I’ve seen a few rumors out there that are pretty disturbing.

Inter-racial matching

A few comments here and elsewhere said that eHarmony doesn’t offer inter-racial matching.

I was incredibly disturbed by this, so I called Stan to ask about it.  He confirmed that ethnicity and race has never played any role whatsoever in eHarmony’s matching system.  Never as in, never in the history of the company.

Each user on eHarmony can set their own racial preferences to whatever they want.  You can set it to match only people from your own race or ethnic background, or you can set it to match people from others as well.

Focus on the Family

Another rumor I saw is that eHarmony gives money (or has given money) to Focus on the Family.

Focus on the Family had a radio program where years ago, they profiled successful eHarmony matches.  eHarmony never paid any money to Focus on the family for this coverage.  Also, eHarmony has never donated any money to Focus on the Family.  Never, ever.

I see statements like, “[eHarmony] actively contributes to organizations that fight against the recognition of LGBT rights and commitments” and I am not sure how to respond!  eHarmony has never contributed any money to Focus on the Family, or bought any advertising from them.

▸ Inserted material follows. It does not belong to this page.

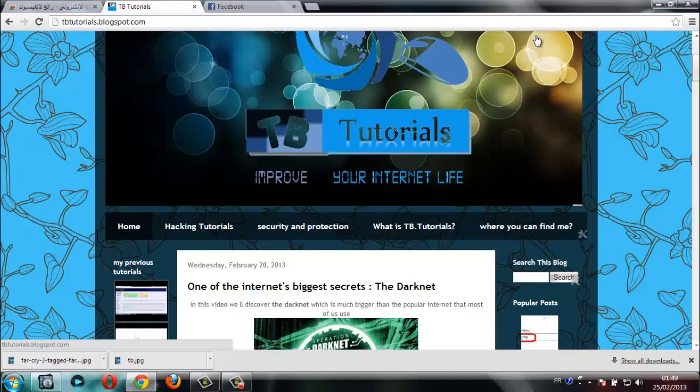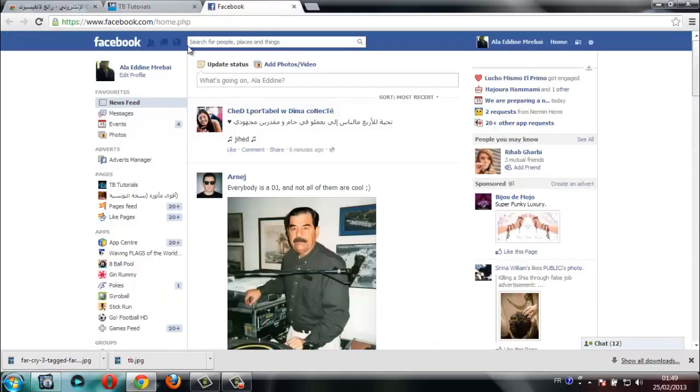Hello everyone and welcome to the new video. Everyone knows that since it released, Facebook maintains the same style, which is the blue and white theme. I'm sick of this style and I want to change it into an exciting style. If you want the same, you're watching the right video, so let's start.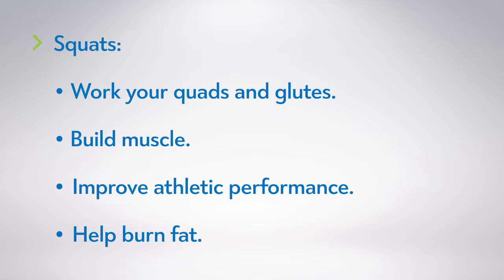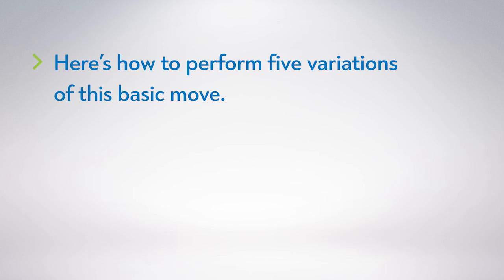Squats are a fundamental movement in any strength training plan. They work your largest lower body muscles, especially your quadriceps or front thighs, and your glutes or butt muscles. The move also aids in building muscle mass, improving athletic performance, and burning fat. Here's how to perform five variations of this basic move.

I’m not trying to defend eHarmony.  I realize that some of you have opinions about the company that aren’t going to change no matter what.  That’s okay.  I just wanted to make sure that the facts are out there.

Weddingbee Editing

One final rumor sprung up just in the past few days.  I read on an outside blog that “the eHarmony PR team appears to be copy-editing comments on the WeddingBee blog.”

This is simply not true *sigh*.  I posted a comment on my earlier post clarifying this, but that outside blog posted their story just a few hours ago… so I guess a new rumor is on its way.

It sounds like this rumor started out as a misreading of one of our bloggers’ comments: “This post was a long time coming and had to be reviewed by eHarmony higher ups several times and was edited in several places.”

I’ve noticed that a few people have interpreted this comment as suggesting that eHarmony edited the posts. That was definitely not the case.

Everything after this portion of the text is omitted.